### RECORDED DATA
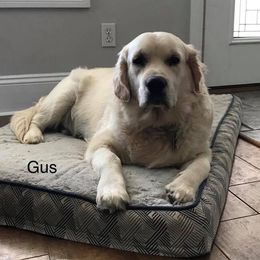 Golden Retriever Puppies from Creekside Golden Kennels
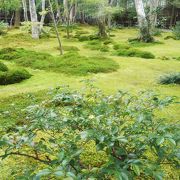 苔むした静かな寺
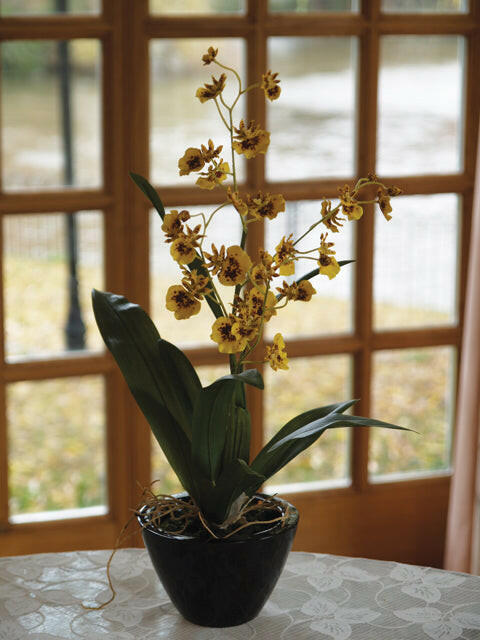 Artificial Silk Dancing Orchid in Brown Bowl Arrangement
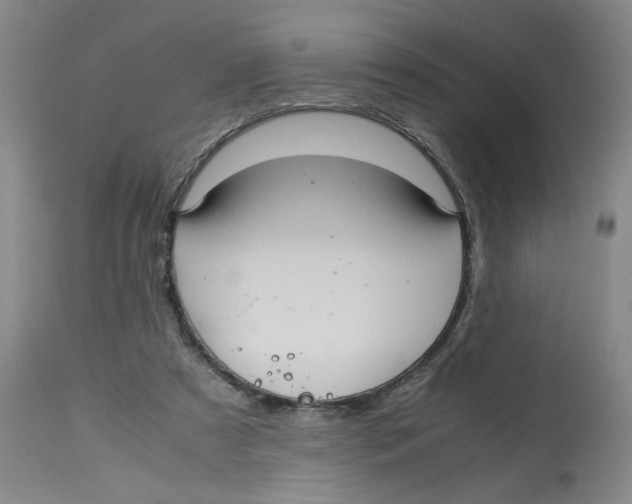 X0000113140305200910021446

...

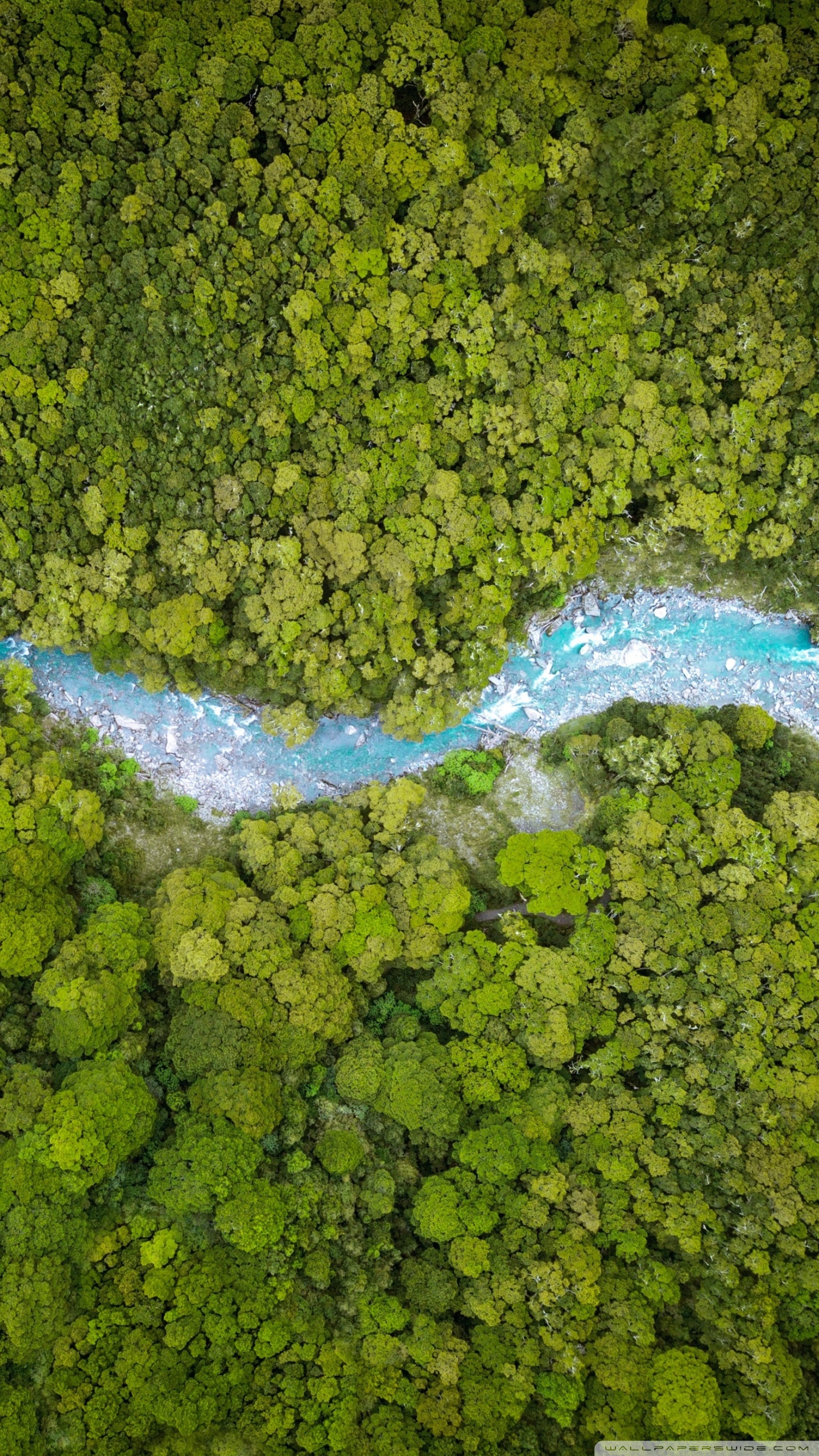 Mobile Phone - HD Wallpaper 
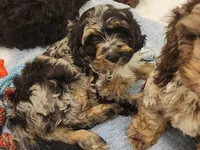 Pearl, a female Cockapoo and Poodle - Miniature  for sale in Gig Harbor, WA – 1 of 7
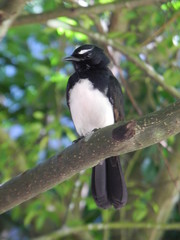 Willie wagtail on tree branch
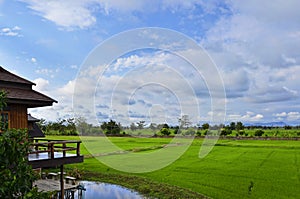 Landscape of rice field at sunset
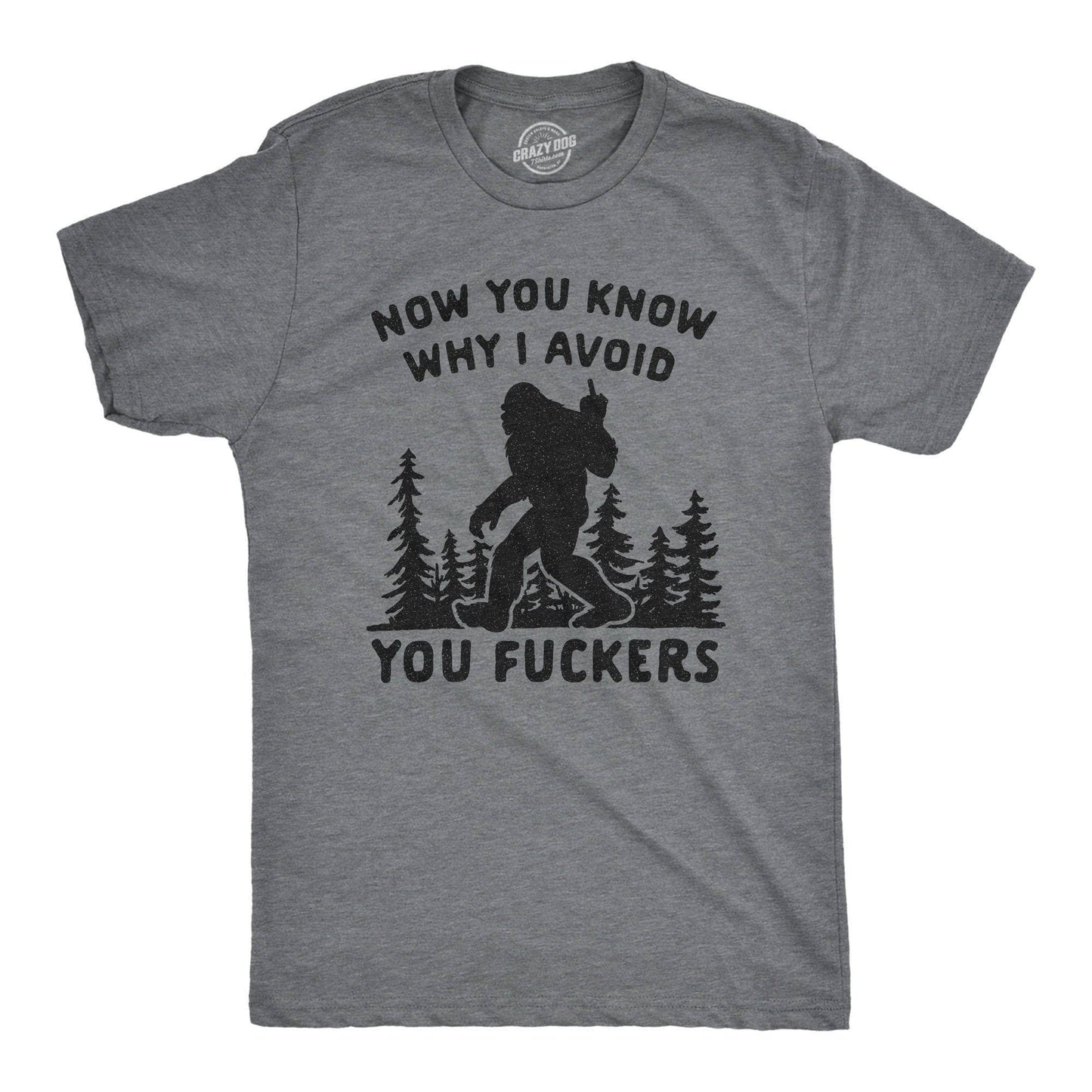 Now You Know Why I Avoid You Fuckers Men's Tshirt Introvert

--

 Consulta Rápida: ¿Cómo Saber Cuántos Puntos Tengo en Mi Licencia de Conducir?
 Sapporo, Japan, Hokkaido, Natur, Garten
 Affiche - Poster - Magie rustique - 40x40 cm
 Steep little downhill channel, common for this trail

### TASK BRIEF
Set the pictures aside and reproduce exactly the lines above, from the line holding "Golden Retriever Puppies" through the line holding "X0000113140305200910021446", both included, with nothing else.

### ANSWER BOX
 Golden Retriever Puppies from Creekside Golden Kennels
 苔むした静かな寺
 Artificial Silk Dancing Orchid in Brown Bowl Arrangement
 X0000113140305200910021446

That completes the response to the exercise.